Oh like that narrows it down, Sam. :roflmao:

Serious question, we cannot ignore everyone, correct?  

We can't ignore moderators, or administrators, correct?

Is it also the case that we cannot ignore the folks that have their own forums?  If I made arrangements with Bob to have my own hosted forum at the bottom of the page, wouldn't I be a moderator of my forum?  And thus...no one could ignore me?

Yes, it's got to be all about me.  And Sam


----------



## Jonathan Randall (Apr 29, 2006)

Carol Kaur said:
			
		

> Oh like that narrows it down, Sam. :roflmao:
> 
> Serious question, we cannot ignore everyone, correct?
> 
> ...


 
I believe that to be correct.


----------



## Sam (Apr 29, 2006)

Well, I don't think I should be - well if it were you, for instance - (it's not)...

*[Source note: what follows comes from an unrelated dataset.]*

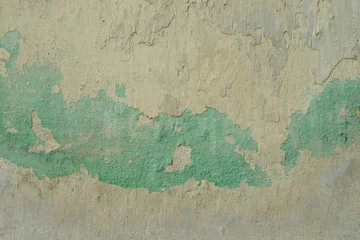 Runde Wanddeko Alte schmutzige strukturierte Wand Wandfragment mit Kratzern und Rissen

"How do I ignore carol K? Because everything she says irritates or infurriates me. I really can't stand her. And since I can't get rid of her, even though I really wish we could, could you tell me what would happen if I were to ignore her?"

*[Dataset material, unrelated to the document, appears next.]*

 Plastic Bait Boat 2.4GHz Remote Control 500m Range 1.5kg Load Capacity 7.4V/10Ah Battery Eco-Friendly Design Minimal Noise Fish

I'll stick with my genderless "said party".


----------



## Carol (Apr 29, 2006)

I'm sorry Sam, I really couldn't resist myself there.

It is proper, IMO, to be vaugue.  

Still brought a smile to my face, especially at this hour of the night :asian:


----------



## Rich Parsons (Apr 29, 2006)

Carol Kaur said:
			
		

> Serious question, we cannot ignore everyone, correct?


 
No a member cannot ignore everyone. 



			
				Carol Kaur said:
			
		

> We can't ignore moderators, or administrators, correct?


 
You can if there is reason enough too. Send a request to Bob, and he can handle a manual ignore. But there needs to be a valid reason. 



			
				Carol Kaur said:
			
		

> Is it also the case that we cannot ignore the folks that have their own forums? If I made arrangements with Bob to have my own hosted forum at the bottom of the page, wouldn't I be a moderator of my forum? And thus...no one could ignore me?

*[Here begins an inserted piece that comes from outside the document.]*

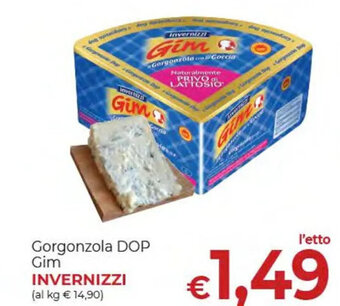 Gorgonzola DOP Gim INVERNIZZI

One can always just go on a personaly auto filter and not read the post of an individual. 

I hope this helps.


----------



## Carol (Apr 29, 2006)

Rich Parsons said:
			
		

> I hope this helps.


 
It does, Rich.  Thank you.  

I'm not interested in ignoring anyone here.   My inner geek was just curious as to how everything works.


----------



## tshadowchaser (Apr 29, 2006)

I think I will ignor this whole thread from here on
Actualy i learned something from it


----------



## rutherford (May 1, 2006)

A small point, but I often like to use the tooltips to preview a thread.  If a user is on ignore and they start a thread then you don't get any tooltip preview.


----------